A veces se nos ordenaba que efectuáramos trabajos directamente relacionados con el ejército nazi. De acuerdo con la postura de neutralidad en cuestiones políticas, todas las hermanas se negaban a realizarlos, y yo imitaba su valeroso ejemplo. Como castigo, nos privaban de comida por días y nos obligaban a estar de pie durante largas horas mientras se pasaba lista. Una vez llegaron a encerrarnos cuarenta días en un barracón sin ningún tipo de calefacción en pleno invierno.

A los testigos de Jehová nos repetían vez tras vez que podíamos salir libres y regresar a nuestros hogares con tan solo firmar la renuncia a nuestra fe. Cuando llevaba más de un año en Ravensbrück, me desanimé muchísimo. Tenía tantas ganas de ver a mi esposo y a mi hija que fui a las guardias, les pedí la renuncia y la firmé.

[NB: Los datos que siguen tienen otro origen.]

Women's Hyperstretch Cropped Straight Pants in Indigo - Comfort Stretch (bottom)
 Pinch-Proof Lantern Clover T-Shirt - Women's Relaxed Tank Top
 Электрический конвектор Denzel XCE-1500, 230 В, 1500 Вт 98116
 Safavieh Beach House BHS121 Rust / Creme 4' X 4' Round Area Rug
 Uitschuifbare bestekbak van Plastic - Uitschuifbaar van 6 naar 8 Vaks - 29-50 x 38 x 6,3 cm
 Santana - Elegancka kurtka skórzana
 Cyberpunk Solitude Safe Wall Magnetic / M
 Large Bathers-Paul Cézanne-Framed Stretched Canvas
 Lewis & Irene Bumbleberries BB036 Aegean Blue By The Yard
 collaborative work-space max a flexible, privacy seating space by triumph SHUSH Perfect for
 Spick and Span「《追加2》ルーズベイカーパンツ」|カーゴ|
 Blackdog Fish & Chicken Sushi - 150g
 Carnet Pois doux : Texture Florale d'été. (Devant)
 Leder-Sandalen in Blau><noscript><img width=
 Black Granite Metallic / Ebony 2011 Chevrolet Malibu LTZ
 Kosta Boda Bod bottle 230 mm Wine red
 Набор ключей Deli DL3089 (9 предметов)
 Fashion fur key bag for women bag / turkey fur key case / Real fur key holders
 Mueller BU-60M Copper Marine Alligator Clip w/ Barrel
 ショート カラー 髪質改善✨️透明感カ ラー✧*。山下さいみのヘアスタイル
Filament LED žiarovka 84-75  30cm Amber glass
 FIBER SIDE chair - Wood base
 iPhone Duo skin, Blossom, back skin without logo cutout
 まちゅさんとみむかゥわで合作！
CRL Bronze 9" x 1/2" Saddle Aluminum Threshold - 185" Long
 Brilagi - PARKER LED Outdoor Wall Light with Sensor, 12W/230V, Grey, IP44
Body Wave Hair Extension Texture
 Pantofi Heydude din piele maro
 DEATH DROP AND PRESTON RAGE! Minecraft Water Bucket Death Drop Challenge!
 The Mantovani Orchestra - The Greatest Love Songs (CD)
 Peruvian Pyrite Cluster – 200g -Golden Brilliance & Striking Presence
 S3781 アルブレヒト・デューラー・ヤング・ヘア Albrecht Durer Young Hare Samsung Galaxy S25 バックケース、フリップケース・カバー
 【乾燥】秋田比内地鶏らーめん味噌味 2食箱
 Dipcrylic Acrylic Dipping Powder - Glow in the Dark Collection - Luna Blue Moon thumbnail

Al enterarse de lo que había hecho, algunas hermanas comenzaron a evitarme. Sin embargo, Hedwig y Gertrud, dos hermanas muy mayores de Alemania, se dirigieron a mí y me confirmaron su amor. Mientras trabajábamos en las pocilgas, me explicaron con mucho cariño la importancia de ser fieles a Jehová y me mostraron que el amor que le tenemos debe movernos a no hacer concesiones en nuestra lealtad. Su maternal cuidado y su cariño me tocaron el corazón. * Sabía que lo que había hecho estaba mal, y quería anular la renuncia. Una tarde le mencioné a una hermana que tenía esa intención. Seguramente, un oficial del campo nos oyó hablar, pues esa misma noche me soltaron y me enviaron de vuelta en tren a los Países Bajos. Una de las capataces —aún puedo ver su cara como si fuera ayer— me dijo: “Tú todavía eres de los Bibelforscher [Estudiantes de la Biblia] y siempre lo serás”. “Así es —respondí—, si Jehová lo permite.” Con todo, yo seguía pensando: “¿Qué puedo hacer para anular la declaración que firmé?”.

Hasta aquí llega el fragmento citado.